10 Leadership Mistakes

They say the only perfect parents are those without kids, and from what I know, it’s true for leaders as well.  In discipling young adults, making mistakes is inevitable, but the burden of those mistakes shouldn’t bleed over to the next season.  Since great lessons are buried inside of these blunders, a leaders must remain a student at heart to find them.

We have a color system here at In Triumph that helps the students track their progress or the lack thereof.  Instantly, the newbies start to adjust their personalities (mirror us) and work their “game” in order to fly under the radar, because to be exposed is their greatest fear. They have learned all throughout childhood that most people grade by behavior instead of character, however here at the ministry moralism is appreciated, but not rewarded.

In the beginning you will make mistakes, and have a few slip under your radar.  So although our discernment is not infallible, remaining naive does an injustice to the discipleship process.  If our leadership  skills aren’t improving, their manipulation skills are.  This is what I’ve learned.

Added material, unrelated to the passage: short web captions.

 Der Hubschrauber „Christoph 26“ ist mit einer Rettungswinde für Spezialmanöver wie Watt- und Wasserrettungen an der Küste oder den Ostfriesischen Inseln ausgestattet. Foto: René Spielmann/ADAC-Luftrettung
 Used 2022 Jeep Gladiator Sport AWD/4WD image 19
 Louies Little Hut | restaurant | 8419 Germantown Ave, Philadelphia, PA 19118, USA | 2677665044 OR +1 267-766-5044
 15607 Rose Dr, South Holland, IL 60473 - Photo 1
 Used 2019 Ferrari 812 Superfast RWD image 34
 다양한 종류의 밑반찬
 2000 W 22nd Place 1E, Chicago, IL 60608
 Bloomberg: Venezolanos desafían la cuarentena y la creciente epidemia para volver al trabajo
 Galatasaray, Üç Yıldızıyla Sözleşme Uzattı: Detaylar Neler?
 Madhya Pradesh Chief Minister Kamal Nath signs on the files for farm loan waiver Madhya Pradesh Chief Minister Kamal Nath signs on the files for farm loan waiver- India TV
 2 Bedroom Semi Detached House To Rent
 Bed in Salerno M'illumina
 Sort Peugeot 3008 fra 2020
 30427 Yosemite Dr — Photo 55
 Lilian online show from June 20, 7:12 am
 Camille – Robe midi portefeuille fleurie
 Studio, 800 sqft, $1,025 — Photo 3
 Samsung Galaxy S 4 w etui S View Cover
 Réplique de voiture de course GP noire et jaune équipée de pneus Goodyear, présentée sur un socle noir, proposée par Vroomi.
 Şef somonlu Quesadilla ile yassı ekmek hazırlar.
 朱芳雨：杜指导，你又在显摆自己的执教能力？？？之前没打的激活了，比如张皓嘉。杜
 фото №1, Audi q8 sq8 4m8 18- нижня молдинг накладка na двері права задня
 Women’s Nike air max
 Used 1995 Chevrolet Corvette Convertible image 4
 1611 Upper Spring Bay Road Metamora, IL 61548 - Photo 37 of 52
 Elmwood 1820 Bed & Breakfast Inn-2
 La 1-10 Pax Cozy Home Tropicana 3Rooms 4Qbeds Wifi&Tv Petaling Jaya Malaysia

1. I confused emotion for sincerity
2. I confused flattery for loyalty
3. I confused passivity for humility
4. I confused compliance for obedience
5. I confused knowledge for belief
6. I confused ambition for service
7. I confused defeat for repentance
8. I confused survival for progress
9. I confused confidence for assurance
10. I confused a Christian personality for Christlike character

It’s difficult to navigate in the middle of it all—our heart can short circuit our eyes at times.  So a solid way for the truth to be revealed, is to look for any contradictions in their behavior.  For example, if a certain person is serving your needs within your organization, but doesn’t jump in to serve the one who’s a possible threat to any of their future opportunities, it’s ambition.  When I get some more time, I will put together a list of the most effective way to disciple.